Le voyageur, au lieu d’obéir à l’impatient appel de l’enfant, demeura immobile, et contempla avec douleur la pauvre aveugle qui s’avançait lentement dans le lointain. Était-ce là sa Rosa chérie ? Était-ce là la belle et gracieuse jeune fille dont l’image était encore empreinte dans son cœur, si jeune et si charmante ?

Mais cette hésitation disparut en un instant ; il entraîna l’enfant, et courut au-devant de son amie. Lorsqu’il ne fut plus qu’à cinquante pas d’elle, il ne put se contenir davantage, et le nom de : Rosa ! Rosa ! s’échappa de sa poitrine comme un indicible cri de joie.

En entendant cette voix, l’aveugle retira sa main de celle de son guide, et se mit à trembler comme si elle eût eu une attaque de nerfs. Elle tendit les bras en avant comme pour chercher, et répondit par le cri de : Jean ! Jean ! en courant tout droit vers celui qui l’avait appelée. En même temps elle tirait quelque chose de son sein, brisait le cordon qui entourait son cou, et montrait d’un geste incertain une petite croix d’or.
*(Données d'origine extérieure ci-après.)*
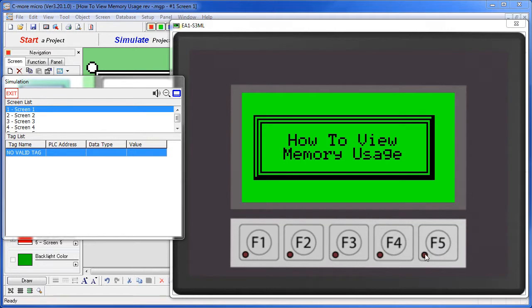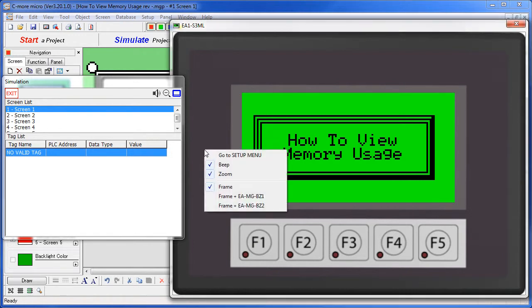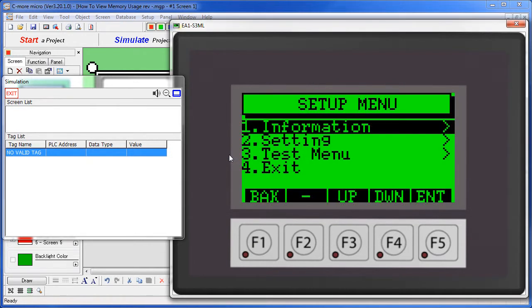We can't press both buttons at the same time with our mouse, so the simulator allows you to right click and select system setup to accomplish the same thing.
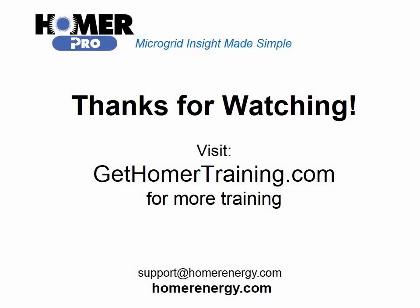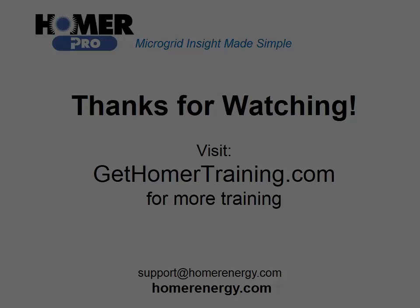Thank you for watching the Homer software's training series. We are here to help you. If you are a trial user, please contact us at support@homerenergy.com for more information on how to become a licensed user. We have additional training available for our licensed users. Visit gethomertraining.com to learn more.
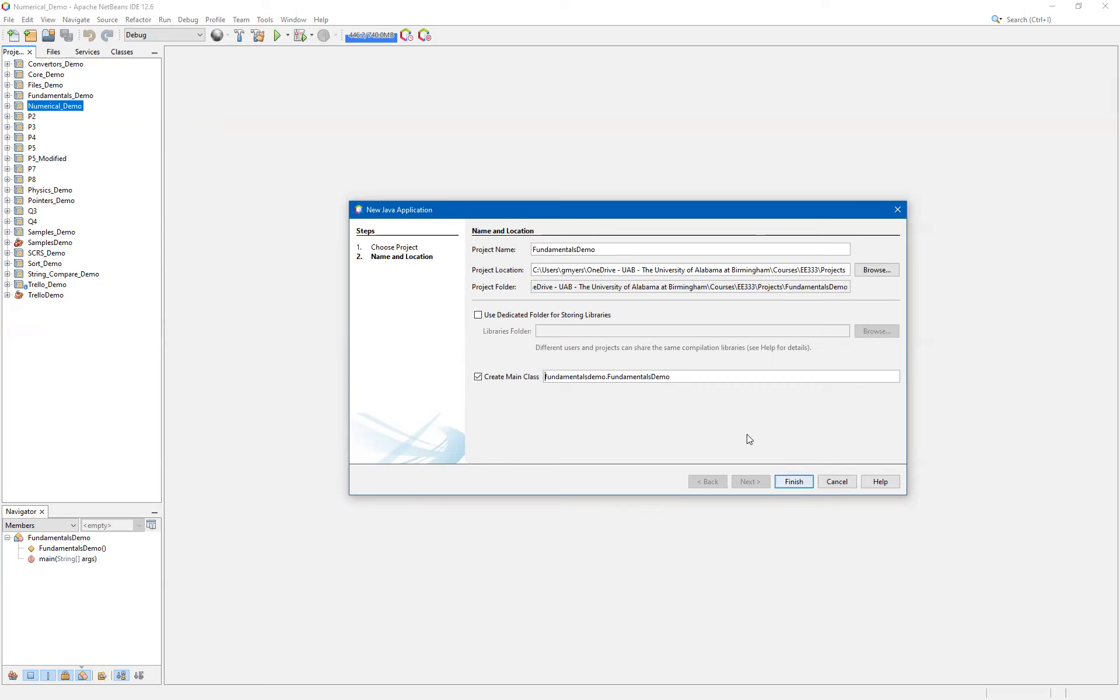And you'll notice a couple of things that NetBeans is going ahead and creating our subfolder for us in our projects folder, as well as creating this main class. Now, by default, it creates the main class name the same as the project name. And we'll leave that part alone. But we are going to change this prefix. This prefix essentially corresponds to the package name. We'll talk more about packages. But fundamentally, what it does is it allows for us to group our code into various packages, then for code reuse later on in other projects.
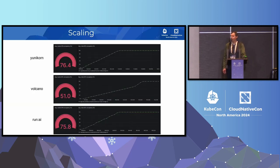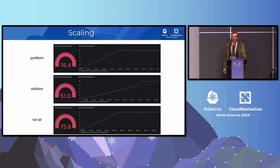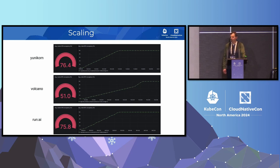For this scenario, we tested this scheduling system for a scaling use case. We deployed a cluster with 700 GPU nodes and submitted 700 single-node jobs. You can see that the initial ramp-up could be attributed to the scheduler submitting pods sequentially, one by one.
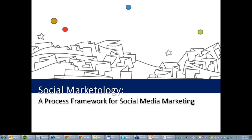Welcome again to today's webinar called Social Marketology featuring author Rick Dragon. One random attendee that attends live will be selected to receive a signed copy of Rick's book. I think this is going to be a presentation that's chock full of information — I've heard it once before — and I think everyone's going to find it really helpful. Rick, thank you for being with us today.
Elle tomba ainsi dans les bras de Jean Slaets, qui voulut l’embrasser en murmurant d’inintelligibles paroles. Mais l’aveugle le repoussa doucement de son chemin avec les mains. Et comme ce refus le touchait péniblement, elle prit sa main et dit :

— Jean, Jean, je vais mourir de bonheur… Mais j’ai fait une promesse à Dieu. Viens, viens avec moi ; mène-moi au cimetière !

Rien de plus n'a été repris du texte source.